McKillop, however, has already beaten Smyth to that feat, completing another middle distance double in the most emphatic style possible. Having won the 800 metres on Sunday with apparent ease, McKillop simply dominated the 1,500 metres yesterday with the sort of front-running tactics rarely seen in international competition.
His time proved as much – his 4:10.17 knocking some four and a half seconds off his own previous T38 championship best, set two years ago in Christchurch. The 23-year-old took up the running after 800 metres and no one else got a look in, although Tunisia’s Abbes Saidi ran well to take silver in 4:12.78, with Australia’s Deon Kenzie winning bronze in a personal best time of 4:14.21.
“I knew I was in good shape since Sunday and I was quite happy with the way it went,” said McKillop, who also won the 800 metres in a championship best of 1:57.17. “I sat until 800 metres to go and kicked on after that. I don’t know how big a gap I had on them, but I just kept pushing and pushing and relaxed the last 50 to 60 metres to the line.”
His only worry afterwards was the blistering on his feet – an almost inevitable side-effect to such blistering running – although McKillop admits he should be fine for the London Paralympics Anniversary Games, which take place back in the Olympic Stadium this Sunday.
By then Smyth will surely have won his second gold as well, having broke his own championship record in the T13 100 metres semi-finals yesterday morning.
Rooming with McKillop in Lyon, the 26-year-old from Derry ran 10.72, easily the fastest qualifier, with Namibia’s Nambala Johannes finishing second, who ran a personal best of 11.05.
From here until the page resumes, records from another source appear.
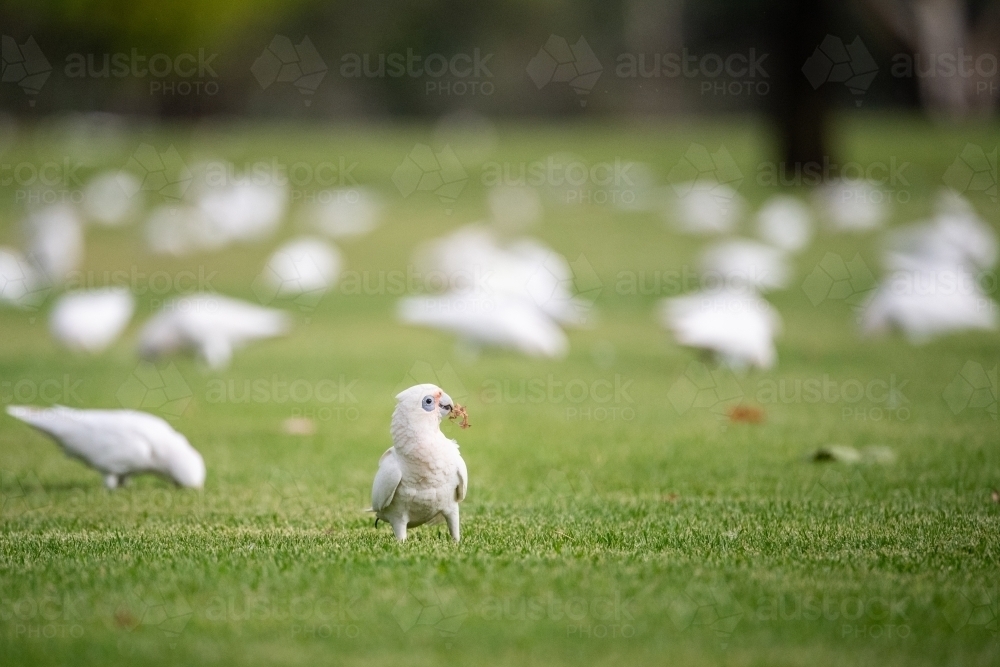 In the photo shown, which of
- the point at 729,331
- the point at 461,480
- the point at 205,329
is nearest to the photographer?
the point at 461,480

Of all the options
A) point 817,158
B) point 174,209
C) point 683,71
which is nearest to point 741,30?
point 683,71

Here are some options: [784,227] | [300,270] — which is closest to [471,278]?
[300,270]

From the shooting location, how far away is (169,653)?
10.9 feet

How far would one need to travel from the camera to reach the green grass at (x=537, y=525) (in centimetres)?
345

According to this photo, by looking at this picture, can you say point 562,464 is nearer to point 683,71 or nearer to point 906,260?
point 906,260

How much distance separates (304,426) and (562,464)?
5.95 ft

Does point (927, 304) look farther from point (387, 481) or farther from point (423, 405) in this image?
point (387, 481)

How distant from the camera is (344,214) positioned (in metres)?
17.5

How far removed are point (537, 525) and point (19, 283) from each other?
9541mm

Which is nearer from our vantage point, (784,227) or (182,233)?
(784,227)

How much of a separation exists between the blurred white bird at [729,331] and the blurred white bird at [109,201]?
451 inches

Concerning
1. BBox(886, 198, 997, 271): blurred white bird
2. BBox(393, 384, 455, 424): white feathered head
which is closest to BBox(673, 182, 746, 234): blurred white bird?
BBox(886, 198, 997, 271): blurred white bird

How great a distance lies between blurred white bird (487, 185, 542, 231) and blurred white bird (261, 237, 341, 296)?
4.10m

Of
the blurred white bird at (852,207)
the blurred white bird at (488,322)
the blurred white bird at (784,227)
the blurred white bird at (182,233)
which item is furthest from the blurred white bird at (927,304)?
the blurred white bird at (182,233) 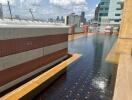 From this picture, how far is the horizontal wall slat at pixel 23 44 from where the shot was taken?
6461 millimetres

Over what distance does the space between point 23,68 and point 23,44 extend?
3.18 feet

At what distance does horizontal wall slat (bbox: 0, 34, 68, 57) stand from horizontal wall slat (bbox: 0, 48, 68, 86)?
23.9 inches

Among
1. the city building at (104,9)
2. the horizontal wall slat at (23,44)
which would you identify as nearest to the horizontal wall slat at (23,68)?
the horizontal wall slat at (23,44)

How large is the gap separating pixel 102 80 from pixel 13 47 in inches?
168

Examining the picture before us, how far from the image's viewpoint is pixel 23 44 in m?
7.48

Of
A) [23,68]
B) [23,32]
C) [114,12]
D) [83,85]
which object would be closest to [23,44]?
[23,32]

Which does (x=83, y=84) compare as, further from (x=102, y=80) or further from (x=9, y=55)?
(x=9, y=55)

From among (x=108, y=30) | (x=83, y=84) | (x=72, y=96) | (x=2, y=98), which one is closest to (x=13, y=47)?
(x=2, y=98)

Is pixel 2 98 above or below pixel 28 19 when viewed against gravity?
below

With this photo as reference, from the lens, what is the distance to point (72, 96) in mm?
6699

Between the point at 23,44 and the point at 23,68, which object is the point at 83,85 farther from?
the point at 23,44

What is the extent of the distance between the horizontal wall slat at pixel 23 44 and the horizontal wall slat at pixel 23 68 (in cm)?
61

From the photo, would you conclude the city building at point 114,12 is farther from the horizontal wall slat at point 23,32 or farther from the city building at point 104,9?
the horizontal wall slat at point 23,32

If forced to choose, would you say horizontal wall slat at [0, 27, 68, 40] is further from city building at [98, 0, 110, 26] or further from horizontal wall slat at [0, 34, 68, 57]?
city building at [98, 0, 110, 26] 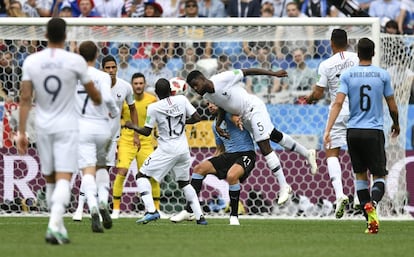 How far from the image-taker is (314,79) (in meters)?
19.8

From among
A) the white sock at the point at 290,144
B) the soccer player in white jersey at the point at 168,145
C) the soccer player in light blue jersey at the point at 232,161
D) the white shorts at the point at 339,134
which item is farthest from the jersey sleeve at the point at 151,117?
the white shorts at the point at 339,134

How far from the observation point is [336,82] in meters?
16.3

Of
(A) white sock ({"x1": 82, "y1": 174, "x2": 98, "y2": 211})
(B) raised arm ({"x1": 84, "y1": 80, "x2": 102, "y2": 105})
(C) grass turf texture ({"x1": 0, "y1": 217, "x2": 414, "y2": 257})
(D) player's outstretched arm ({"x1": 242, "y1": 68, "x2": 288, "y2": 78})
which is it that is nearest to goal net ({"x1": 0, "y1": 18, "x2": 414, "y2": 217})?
(C) grass turf texture ({"x1": 0, "y1": 217, "x2": 414, "y2": 257})

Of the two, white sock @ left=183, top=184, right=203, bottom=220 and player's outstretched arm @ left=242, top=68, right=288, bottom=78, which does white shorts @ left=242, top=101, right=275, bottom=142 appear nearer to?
player's outstretched arm @ left=242, top=68, right=288, bottom=78

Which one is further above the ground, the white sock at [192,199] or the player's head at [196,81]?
the player's head at [196,81]

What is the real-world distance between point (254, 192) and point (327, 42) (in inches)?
117

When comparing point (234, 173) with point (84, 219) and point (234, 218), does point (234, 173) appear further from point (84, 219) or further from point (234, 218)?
point (84, 219)

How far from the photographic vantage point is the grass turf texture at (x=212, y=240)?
1078 centimetres

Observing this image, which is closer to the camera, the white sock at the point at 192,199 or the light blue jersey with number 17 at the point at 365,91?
the light blue jersey with number 17 at the point at 365,91

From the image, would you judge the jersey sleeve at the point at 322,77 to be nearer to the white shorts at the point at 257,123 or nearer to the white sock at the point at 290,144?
the white shorts at the point at 257,123

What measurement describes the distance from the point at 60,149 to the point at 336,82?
20.0ft

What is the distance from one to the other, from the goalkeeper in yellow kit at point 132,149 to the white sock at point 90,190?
492 centimetres

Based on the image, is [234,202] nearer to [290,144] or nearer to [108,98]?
[290,144]

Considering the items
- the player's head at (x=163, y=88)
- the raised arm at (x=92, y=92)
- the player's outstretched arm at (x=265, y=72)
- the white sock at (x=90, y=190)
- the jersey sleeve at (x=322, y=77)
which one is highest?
the raised arm at (x=92, y=92) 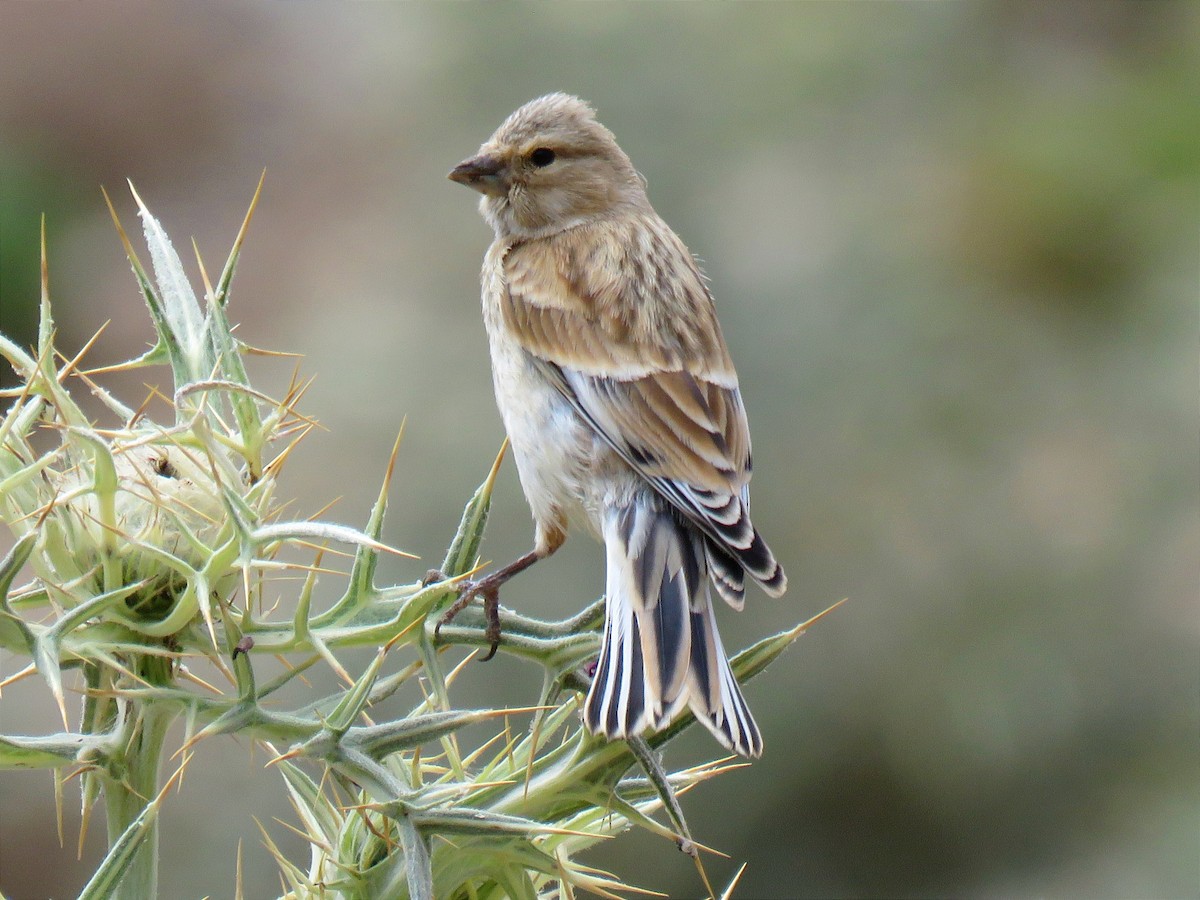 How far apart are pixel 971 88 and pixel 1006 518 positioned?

South Africa’s Jonathan Ntutu won other semi-final in a time of 10.99, but once again Smyth looks to be in a class of his own – having won the 200m on Sunday in 21.05 seconds to equal his own world record.
James Nolan, Head of Irish Paralympic Athletics, was thrilled with Smyth’s display.
“Jason got out amazingly well in his 100 metres semi-final and had the field put away after 20 metres.
“He looked very relaxed running 10.7 and the championship record. With Jason in this form the final will be very exciting.”